Devemos problematizar a questão do sujeito “homossexual” ou do sujeito “gay” e da maneira como este vem sendo construído ficcionalmente a luz do direito civil e também da Indústria Cultural quando tratamos da telenovela. Como sustenta Butler, assim como o termo “mulheres” não se sustenta mais, ao contrário, é produto de ansiedade social, a identidade gay na maneira como é tratada seja na política seja na esfera do produto cultural, não dá mais resposta aos sujeitos, estes não se encontram mais no tal sujeito/ personagem “gay”

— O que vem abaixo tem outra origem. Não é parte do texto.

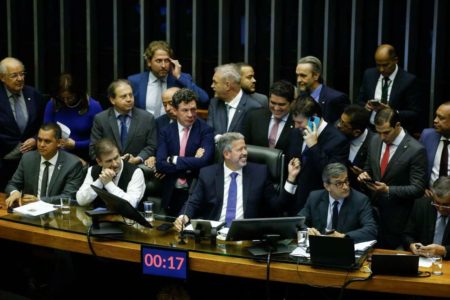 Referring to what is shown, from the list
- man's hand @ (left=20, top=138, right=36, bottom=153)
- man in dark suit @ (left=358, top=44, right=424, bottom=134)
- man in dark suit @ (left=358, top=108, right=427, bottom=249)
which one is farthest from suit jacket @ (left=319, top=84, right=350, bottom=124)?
man's hand @ (left=20, top=138, right=36, bottom=153)

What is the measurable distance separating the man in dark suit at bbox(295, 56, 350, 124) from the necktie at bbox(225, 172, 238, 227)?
→ 3.39 feet

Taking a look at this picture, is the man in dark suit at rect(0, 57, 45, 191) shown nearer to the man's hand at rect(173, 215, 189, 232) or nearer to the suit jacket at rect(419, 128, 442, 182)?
the man's hand at rect(173, 215, 189, 232)

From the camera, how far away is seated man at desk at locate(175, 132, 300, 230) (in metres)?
5.52

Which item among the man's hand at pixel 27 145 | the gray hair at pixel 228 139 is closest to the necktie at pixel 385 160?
the gray hair at pixel 228 139

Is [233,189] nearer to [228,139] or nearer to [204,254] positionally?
[228,139]

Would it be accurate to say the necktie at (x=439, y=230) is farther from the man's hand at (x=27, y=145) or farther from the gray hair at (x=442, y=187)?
the man's hand at (x=27, y=145)

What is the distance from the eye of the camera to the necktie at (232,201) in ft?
18.2

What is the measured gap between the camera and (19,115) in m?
6.97

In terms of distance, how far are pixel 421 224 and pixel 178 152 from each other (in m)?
1.86

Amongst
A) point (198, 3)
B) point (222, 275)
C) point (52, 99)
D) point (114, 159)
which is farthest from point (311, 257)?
point (198, 3)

Contudo, além das ficções fundacionistas que sustentam a noção de sujeito, há o problema político que o feminismo encontra na suposição de que o termo mulheres denote uma identidade comum. Ao invés de um significante estável a comandar o consentimento daquelas a quem pretende descrever e a representar, mulheres – mesmo no plural – tornou-se um termo problemático, um ponto de contestação, uma causa de ansiedade. (BUTLER; 2008: 20)

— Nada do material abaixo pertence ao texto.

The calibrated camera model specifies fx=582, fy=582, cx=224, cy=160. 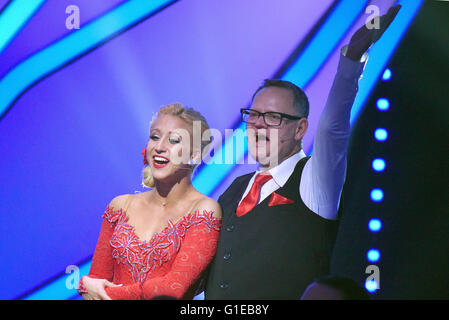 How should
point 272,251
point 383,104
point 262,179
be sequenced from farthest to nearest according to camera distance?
point 383,104
point 262,179
point 272,251

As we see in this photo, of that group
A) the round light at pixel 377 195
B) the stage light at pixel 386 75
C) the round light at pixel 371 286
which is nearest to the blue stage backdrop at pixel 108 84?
the stage light at pixel 386 75

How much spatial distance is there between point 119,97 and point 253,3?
0.80m

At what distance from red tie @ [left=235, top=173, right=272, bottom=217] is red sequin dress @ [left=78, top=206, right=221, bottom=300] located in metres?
0.12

A crítica de Butler é focada na identidade universal do sujeito “mulher” que ignora os contextos históricos, étnicos, raciais e também de ser uma imposição de uma teorização ocidental sobre a questão sexual e de gênero ignorando fatores particulares de culturas, por exemplo, do Oriente. Para além da questão “mulher” enquanto sujeito do feminismo, Butler aponta a necessidade de se entender todos aqueles sujeitos que não se conformam e que os discursos universalistas se minam por suas restrições representacionais discursivas “em que funcionam” (BUTLER; 2008: 21). Portanto, a partir desta crítica ao que Butler pretende chamar de “pós – feminismo” e convocar a construção de um sujeito do feminismo que não esteja calcado numa base teórica única e também na “noção de mulheres como sujeitos do feminismo” (Ibidem), portanto, assim também se faz necessário superar a noção de que estamos diante de um sujeito homossexual sendo representado nas telenovelas

até então analisadas. Estas construções culturais e discursivas dentro do que entendemos e estabelecemos como produtos (MORIN; 1986), (ADORNO; HORKHEIMER; 1985) visam o público universal, portanto, assim como aponta Butler ao fazer a sua crítica a noção de mulheres enquanto sujeitos do feminismo, devemos aqui fazer uma correlação e criticar estes produtos e buscar entendê-los enquanto embustes universalistas que não reproduzem a noção hetero masculina e muito menos a noção homo masculina, mas, quando esta se apresenta está carregada de códigos dos sujeitos heteronormativos. Dispositivo discursivo que entendemos e analisamos enquanto Soberano no que diz respeito a validar uma prática social e sexual na televisão. O que devemos entender a partir destes personagens é que estes sujeitos/ personagens existem fracamente nestas novelas e sem qualquer vínculo com o cotidiano orgânico.